LAMDA: Electronic Document Delivery in London and Manchester
as of 24 October 1997
Users of libraries know only too well that no library is self-sufficient. For staff and students who need more than basic textbooks, access to a wider range of libraries is vital. For some users of libraries this access can be provided by a reader's pass, enabling the user to go to another library. For other users the library has to be brought to them, as it were, in the form of inter-library loans or delivery of specific documents such as journal articles. The United Kingdom has had an efficient national inter-library loan service operated by the British Library, but often users' requests could be satisfied at a local level if the necessary co-operative structures were in place.

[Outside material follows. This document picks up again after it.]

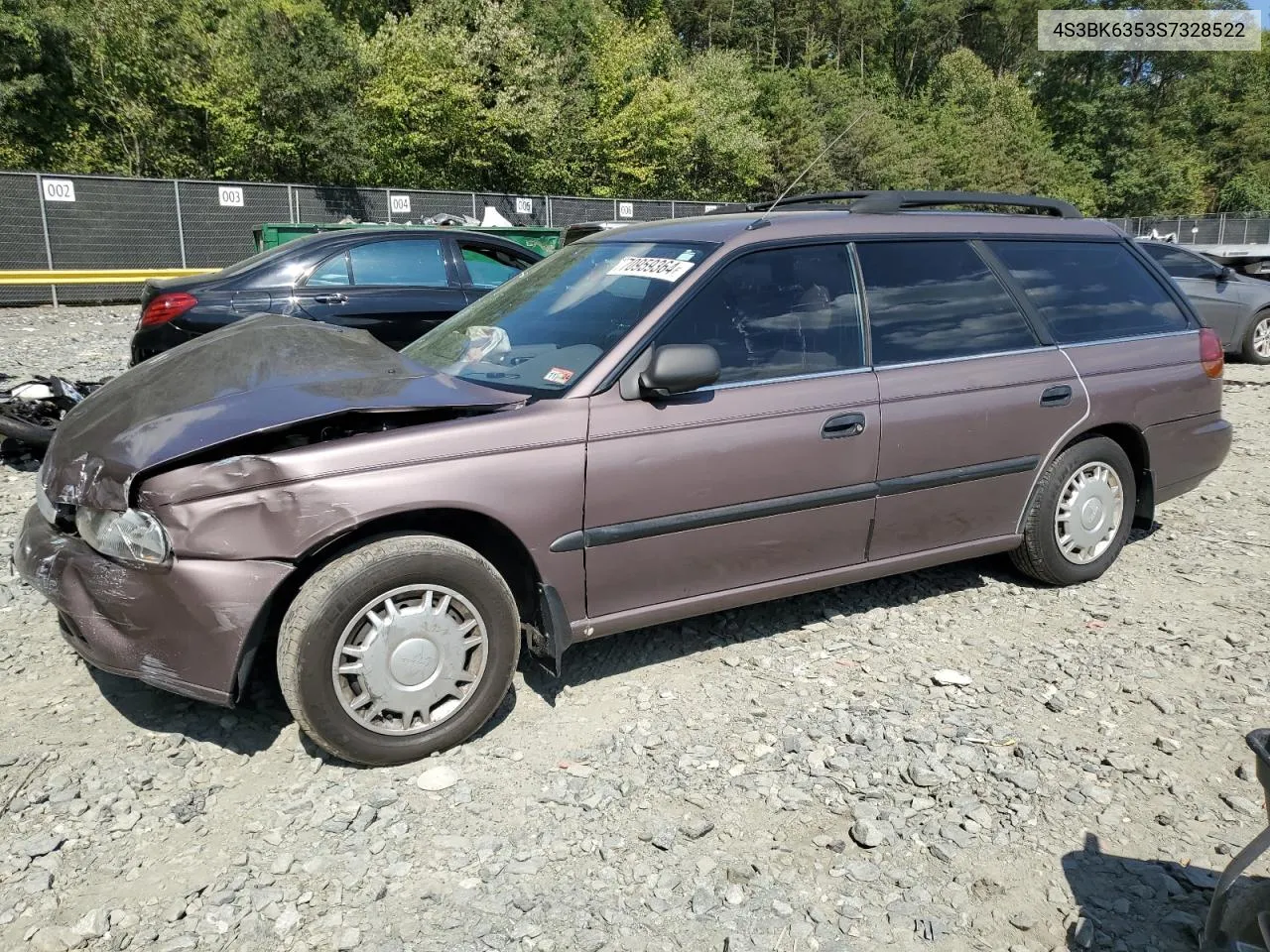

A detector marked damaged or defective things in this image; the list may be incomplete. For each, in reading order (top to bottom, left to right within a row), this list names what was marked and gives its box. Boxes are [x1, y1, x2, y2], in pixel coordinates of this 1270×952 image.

broken headlight [74, 508, 171, 565]
damaged front bumper [13, 508, 291, 710]
crumpled hood [42, 314, 523, 510]
damaged station wagon [15, 193, 1229, 767]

The purpose of the London and Manchester document delivery project is to set up the co-operative structure to provide a document delivery service to users of academic libraries in London and in Manchester, with further development of the service to other UK universities. Delivery is by electronic means using Ariel software over the academic network, offering users a fast high-quality docdel service.
Within London the key supplying libraries will be BLPES, King's College, UCL and the University of Westminster and in Manchester all five university libraries - John Rylands, Manchester Business School, Manchester Metropolitan, Salford and UMIST are suppliers. The University of Leeds joined as tenth supply library early in 1997.
A limited service of delivery of Journal articles commenced at the end of October 1995, and work started early in 1996 to attract customers from among other university libraries in the UK. Over 26,000 articles were delivered in the first year of operation, and by the summer of 1997 nearly 30 UK HE libraries had signed up as customers and the annual trend for volume of transactions was 35,000.
Over 70% of articles are delivered within 48 hours. In April 1997 two LAMDA Support Offices were set up, one in UCL and one in MMU, to deal with customers enquiries, offer technical helpdesk service, and handle invoicing.
By July 1998 when project funding ends, LAMDA expects to have over 50 customers and an annual volume of business approaching 50,000 articles.
The service will become self-financing in August 1998 and will expand its market outside of HE and also beyond the UK.